Proctor & Gamble operates hair salons with no products on sale. Why? To provide a pressure-free zone for customers to experience “pure brand.” It’s working: people keep coming back for more.

Swatch creates “pop-up” stores that disappear just as soon as the masses find out about them. This keeps the brand associated with people who are “in the know.” For those not in the know, it creates heightened awareness of Swatch so they can catch the next pop-up opportunity.

HSBC, a well-known bank, went far beyond the “store” concept and created branded taxis. They then gave free rides home to anyone who could prove they were a member of the bank.

What do these examples have in common? They focus on generating positive emotional responses (gratitude, curiosity, delight) that customers associate with the brand. They break outside the conventions of traditional sales techniques, which measures the success of any endeavor by its direct impact on sales.

What these and many other companies realize is that a strong brand relationship will lead to stronger sales. Consumers are savvy, jaded, and skeptical when it comes to traditional advertising anymore. Companies who can provide them with outstanding experiences will prevail in the end.
Learn more about brand spaces



This month’s winner: Rayat Cabot!
Rayat wins a digital print featuring this one-of-a-kind design. Have a favorite quote or saying? Send it in! If your quote is chosen, you’ll receive a print of your custom design suitable for framing! Check out your competition here.

Client Spotlight

Rubicon Custom Homes
Rubicon Construction is a Bloomington-based residential and commercial builder focused on high-quality construction. Their business has grown and diversified, and they wanted their website to reflect that.

After reviewing company history and goals with Business Officer Michael Eaton and Operations Officer Kevin Powell, we recommended Rubicon split into two companies: residential and commercial. It was simply too difficult for them to reach two such diverse audiences under one name and one marketing message.

After settling on Rubicon Custom Homes for the name of the residential side, we developed a new website to establish the brand. Unlike many builders, Rubicon is known for developing accurate estimates for both schedule and budget. They also are one of only a handful of Energy Star® partners in Indiana.
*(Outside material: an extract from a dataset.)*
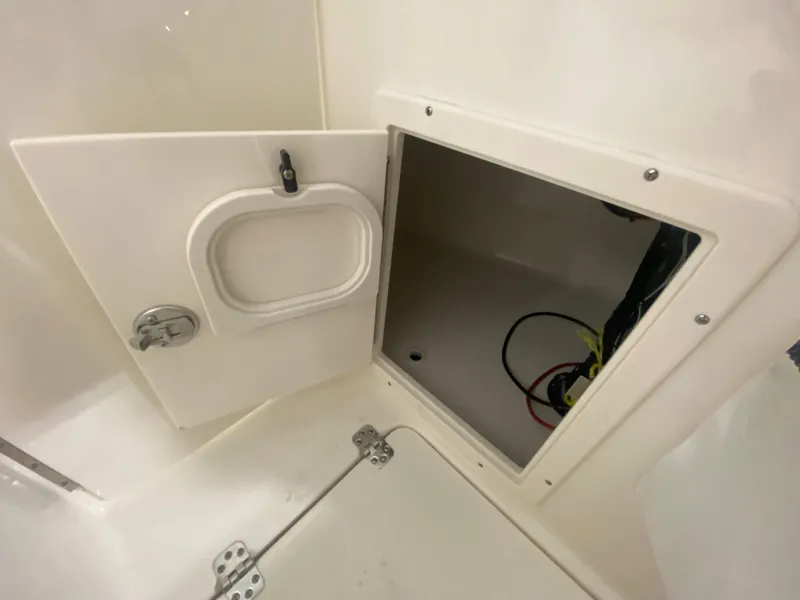 Slide: The Image of 2024 Key West 239 DFS storage compartment with open hatch. - 22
These were specific marketing points we wanted to communicate, but we wanted to embed them in a larger brand context. That brand reflects both Kevin and Mike’s business approach and their personal styles. With backgrounds in healthcare and business management, their values of personal care and thoughtful attention to detail are reflected throughout the brand. They’re also committed to ongoing education to ensure they stay ahead of the curve for the industry.

Our design reflects this combination of warmth, stability, and quality, along with a touch of dynamism and movement that expresses Rubicon’s continual drive for improvement. The color scheme of warm greens and blues reflects not only Rubicon’s Earth-friendly building techniques, but tips its hat to the origin of the Rubicon brand name: the commitment reflected in the phrase “crossing the Rubicon.”

The wide composition gives a feeling of expansiveness, while vertical columns of type and photography anchor the layout to give it a sense of solidity. Linotype Zapfino adds a splash of elegance to connect with the upscale market that comprises much of Rubicon’s customer base.
We also worked extensively on copywriting to reinforce the key elements of the brand and ensure consistent delivery of the Rubicon message. While we were at it, we designed new business cards, too!

All this was accomplished in the flurry of activity leading up to the annual Parade of Homes. We were thrilled when Rubicon won both Best of Show and Realtors’ Choice awards for their outstanding custom home in Quarry Estates!